Quoi qu’il en soit, c’est un agent de la sécurité gouvernementale que des témoins ont vu abattre Msimisi “S’dzwiri” Mkhwanazi, 24 ans, à bout portant à un barrage que ce dernier et d’autres avaient établi à Ngwenya alors que les manifestations se poursuivaient. Un ami de Mkhwanazi, âgé de 32 ans, qui était présent, assure que les forces de sécurité sont descendues de deux voitures à Oshoek et ont tiré des coups de semonce. Puis un des agents a visé Mkhwanazi et lui a tiré une balle dans la tête. “Après l’avoir abattu, ils l’ont laissé là par terre, comme un chien”, raconte-t-il.
Tiberius Mkhwanazi, un habitant de Kwaluseni de 33 ans, rapporte que des soldats lui ont tiré dans le pied au rond-point de Mahhala, à Matsapha. Il a reconnu un des hommes, qu’il connaissait.

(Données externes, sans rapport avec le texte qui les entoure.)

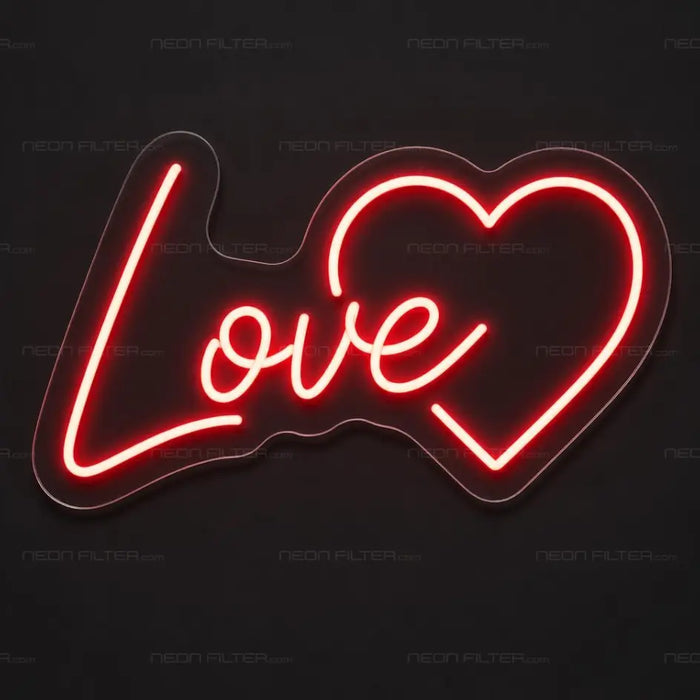 Love Heart Neon Sign for Wedding Decor - Neon Filter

Continuer la lutte pour la liberté
Madzabudzabu Kunene, 44 ans, est un ancien dirigeant de l’aile militaire du Pudemo, le Congrès de la jeunesse du Swaziland. Il se trouve aujourd’hui alité dans une des salles de l’hôpital du gouvernement de Mbabane. Le régime considère son organisation comme un mouvement terroriste. Il a contribué à organiser les manifestations à Extension 3, une zone qui fait face au site industriel de Mbabane, près de Msunduza. En 2003, Kunene avait joué un rôle clé dans la distribution des médicaments antirétroviraux dans le pays. Il affirme que des agents de la sécurité ont repéré la position de son portable, qu’ils l’ont identifié dans une foule de manifestants et qui lui ont alors tiré dans la jambe. Qui a été amputée depuis.
“J’ai grandi dans la lutte pour la liberté. Tout ce que j’ai perdu, c’est une jambe. Je peux continuer à me battre. Ça me motive pour poursuivre le combat, déclare Kunene. Je ne suis pas une victime, je suis un survivant. […] C’est le début de la lutte. Maintenant, il faut qu’on révise nos plans, et le pays doit devenir ingouvernable.”

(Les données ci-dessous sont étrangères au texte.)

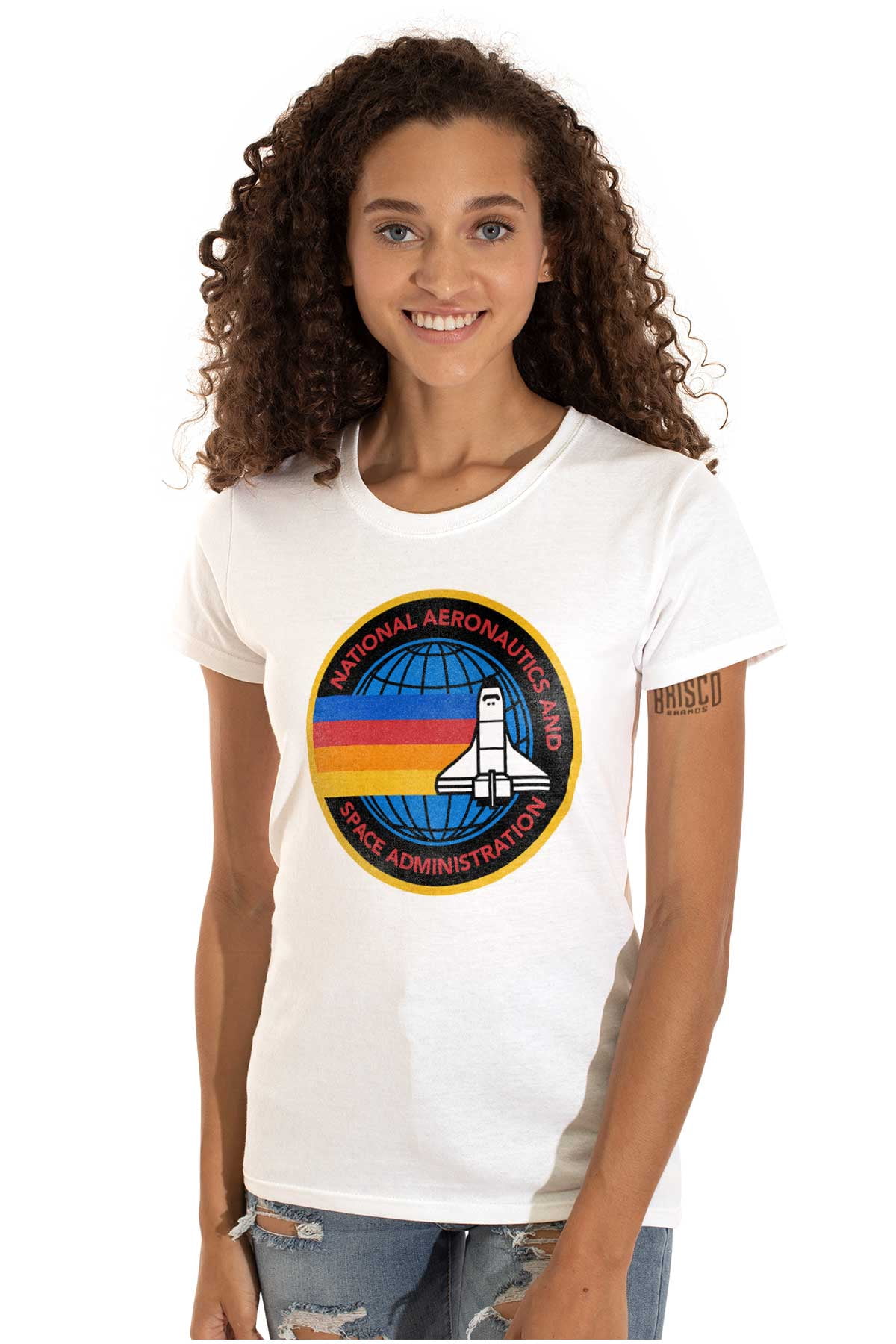 Retro NASA Space Shuttle Rainbow Women's Plus Size Shirt Brisco Brands ...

Le lit voisin de Kunene est occupé par Veli Dlamini. S’il vient de Siphocosini, il réside à Ezulwini, où il travaille comme maçon. Le 29 juin, alors qu’il tentait d’échapper aux balles tirées par les forces de sécurité, il a heurté la glissière d’une route et s’est fracturé le genou. “J’ai vu ma jambe qui pendait, mon frère. Et le sang qui jaillissait”, se souvient-il. Sa jambe est en grande partie plâtrée, il se remet et espère pouvoir bientôt remarcher. Il se dit prêt à continuer le combat et réclame des armes. Il n’est pas le seul à le faire.
À Ngwenya, par exemple, un habitant qui a vu Msimisi Mkhwanazi quelques instants après qu’il a été abattu par les forces de sécurité explique que le pays est désormais en proie à une guerre civile et que seul le camp du roi a des armes. Un sentiment que beaucoup partagent. Il ajoute d’ailleurs qu’il vaudrait mieux que les gens de la rue soient armés eux aussi.
“Nous pouvons […] mourir en nous battant, comme ça nous pouvons au moins mourir dignement”, dit-il.”